At long last, we’ve reached the end of Chris Hallquist’s“William Lane Craig Exposed”. Hallquist decides to close this chapter with a commentary of Richard Dawkins’ refusal to debate Craig.
This issue has become something of a bygone matter, and I doubt that there’s much more to be said about it. Even Hallquist struggles to add anything to the discussion–simply repeating Dawkins own statements, and implying that it was Craig, rather than others (including many atheists), who accused Dawkins of cowardice for not debating.
But I see no point in beating that drum. Any chance of the debate happening is gone, and we all know how it would have gone. An actual debate would have simply been a formality, and the fact that Dawkins refused, I think, turned out to be a bigger victory than a debate would have been.
This is because it showed so clearly that both Dawkins and his fans can pretty consistently be found attempting to insulate themselves from the same sort of criticism they are quick to fire at others, in spite of the fact that Dawkins lists being open to criticism in his own revision of the Ten Commandments.
He refuses debates, his fans refuse to defend their views:
For instance, very few of Dawkins’ supporters will defend his Boeing 747 argument. Nor will they support the materialism they passionately embrace. Even the term “atheism” has been redefined by them as “a lack of belief” in order to avoid having to defend it as a position. Personally, I can’t think of any argument in The God Delusion that the New Atheists are still willing to defend.
This leaves me to wonder why they are still following him.
Really, the only thing that the New Atheists are as consistent about as their hatred of religion is their refusal to offer a logical defense for any actual claim. This seems odd coming from the self-proclaimed champions of reason and science–who complain that religion is holding back the advancement of knowledge and insist that one should have evidence ready on demand for anything one claims.

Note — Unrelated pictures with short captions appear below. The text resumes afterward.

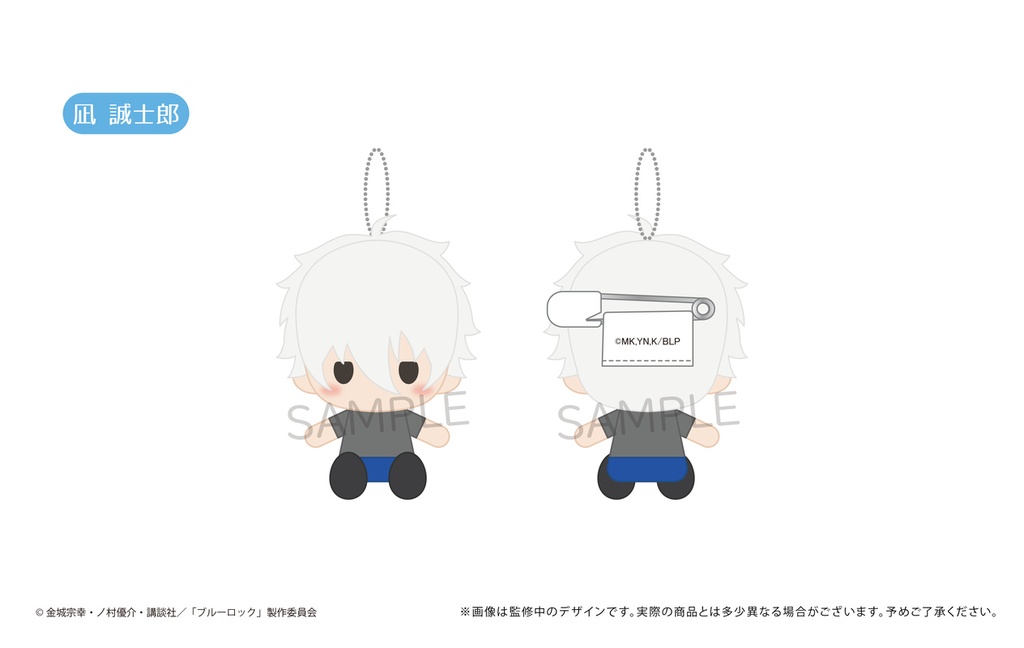 (PO) Blue Lock Plush Mascot [BOX] Image_6
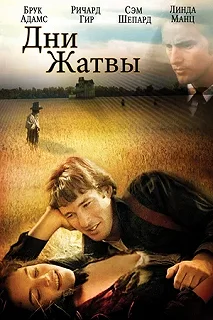 Постер Дни жатвы (Days of Heaven)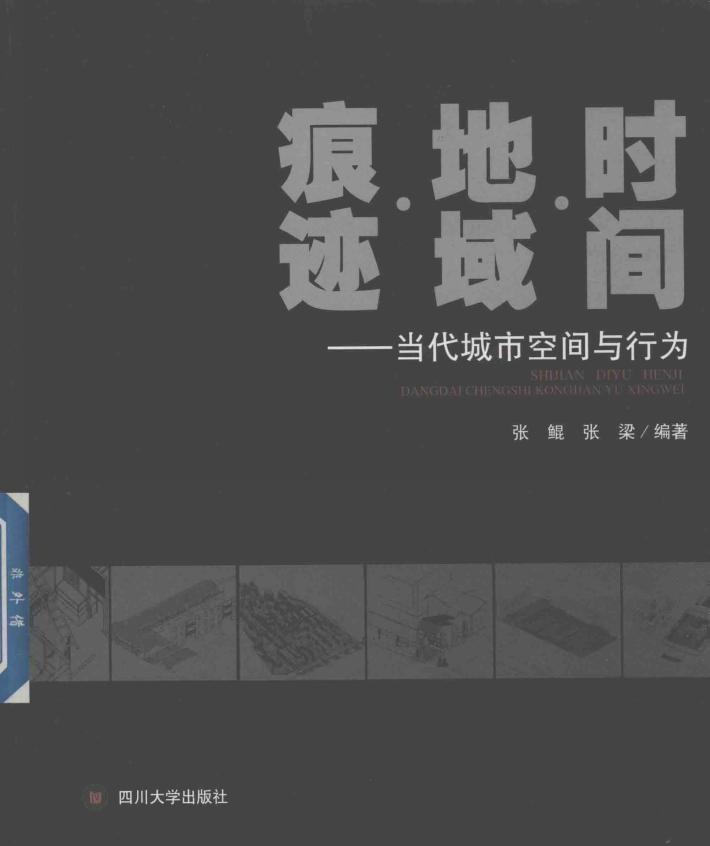 时间  地域  痕迹  当代城市空间与行为 封面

Not that they don’t make claims. Dawkins publicly maintained that raising children Catholic is child abuse for more than a decade before someone finally asked him for supporting evidence. The best he could do was to say that it was “intuitively very reasonable”.
If these are the kinds of defenses we hear from a man who demands overwhelming support from the opposition, it’s no wonder that neither he nor his intellectual disciples are eager to put their position forward for careful examination.
That being the case, I feel it best to move on from the New Atheists, and interact with a more reasonable opposition to Christian theism. To fail to acknowledge that there are more sophisticated atheists than them is to make the same mistake they make about theists.
As such, I’ll be moving on to some more serious thinkers in my next series.
October 28th, 2013 at 11:47 pm
I enjoyed the series.
November 1st, 2013 at 10:32 pm
Thanks! It was definitely fun to write it.